That is the verdict from experts monitoring the country's economic situation as the continent struggles to take the weight of supporting Greece's precarious economy, the increasing uncertainty surrounding the future of the euro and rapidly fluctuating markets.
The Macroeconomic Policy Institute (IMK) in Düsseldorf has scaled back its forecast for Germany's growth in gross domestic product by 0.8 percentage points to 3.2 percent for the year. Next year, it predicts little, if any growth – a GDP increase of just 0.7 percent.
“We expect a stagnation,” said Gustav Horn, a director at the IMK, blaming the burden of massive public savings programmes and scepticism about further investment and economic development. “The euro crisis has not been overcome.”
Horn also predicted reduced demand for German exports next year, an increase of just under 4 percent over this year.
There is “noticeably subdued export demand,” he said.
The Allianz insurance group, which also monitors the country's economy, had a similar, if slightly less downbeat, outlook on the future.
One of its chief economists, Michael Heise, said Germany would experience, at worst, “a temporary pause in growth.”
But that depends on what happens in global markets.

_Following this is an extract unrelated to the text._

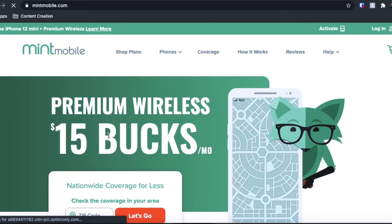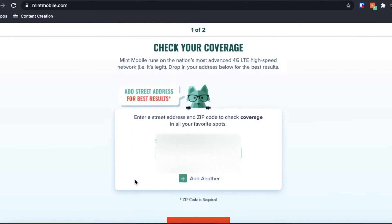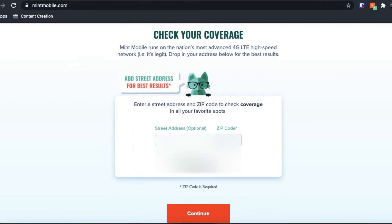I went to MintMobile.com, typed in my address and other vitals, typed in the model of the phone we were going to give her, and once that was all compatible, we looked through the plans. We chose a 3GB plan because we really never leave the house, so we're on Wi-Fi most of the time. The 3GB plan — with 3GB of data, unlimited text, and unlimited talk — is $20 a month if you sign up for a 6-month plan. If you sign up for 12 months in advance, that price lowers to $15.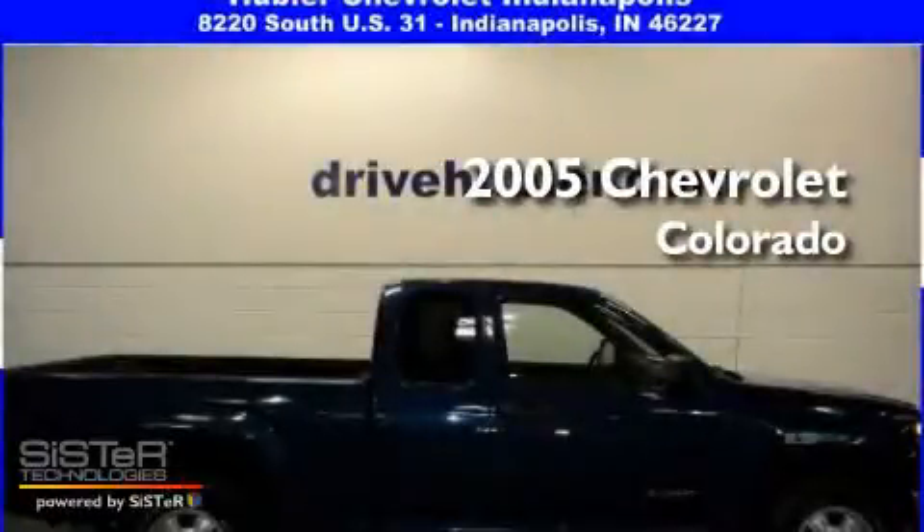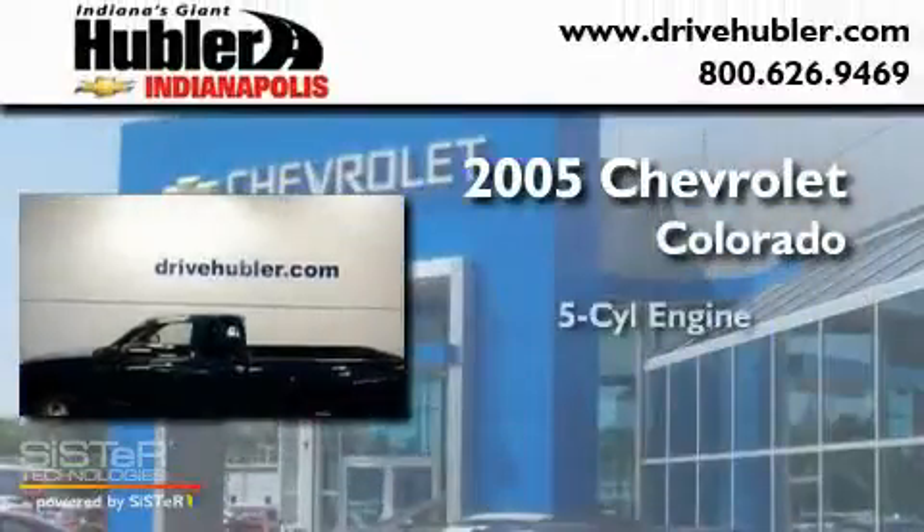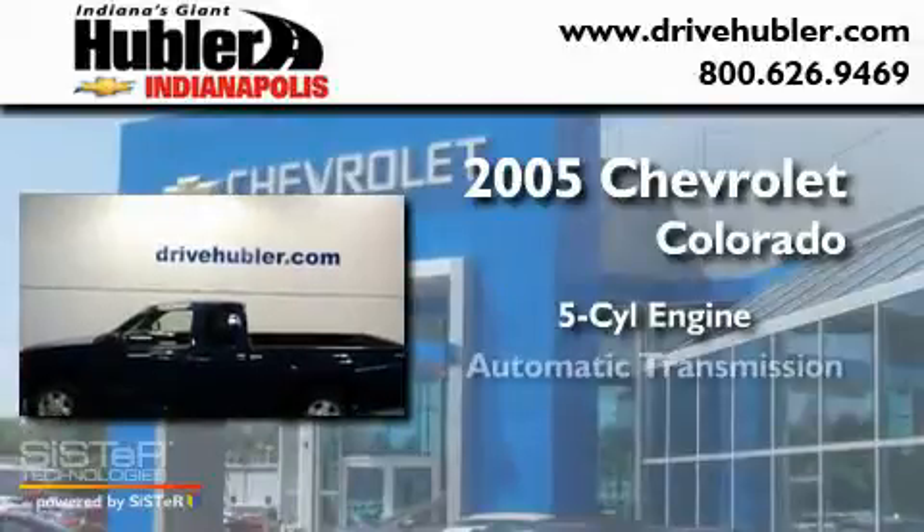This is a 2005 Chevrolet Colorado. It features a five-cylinder engine and an automatic transmission.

If widespread recession begins to take hold elsewhere, Germany would also be affected, he said.
Politicians need to "find ways to get the threat and uncertainty caused by this crisis under control,” he said.
Markets have given mixed responses to European leaders' efforts to patch up the continent's financial troubles over the last few days. After the German Bundestag voted to increase the size of the eurozone bailout fund last week, the DAX, Germany's index of 30 leading blue-chip companies, vacillated wildly.
On Wednesday afternoon it appeared to be on the upswing again – up nearly 4 percent over the previous day.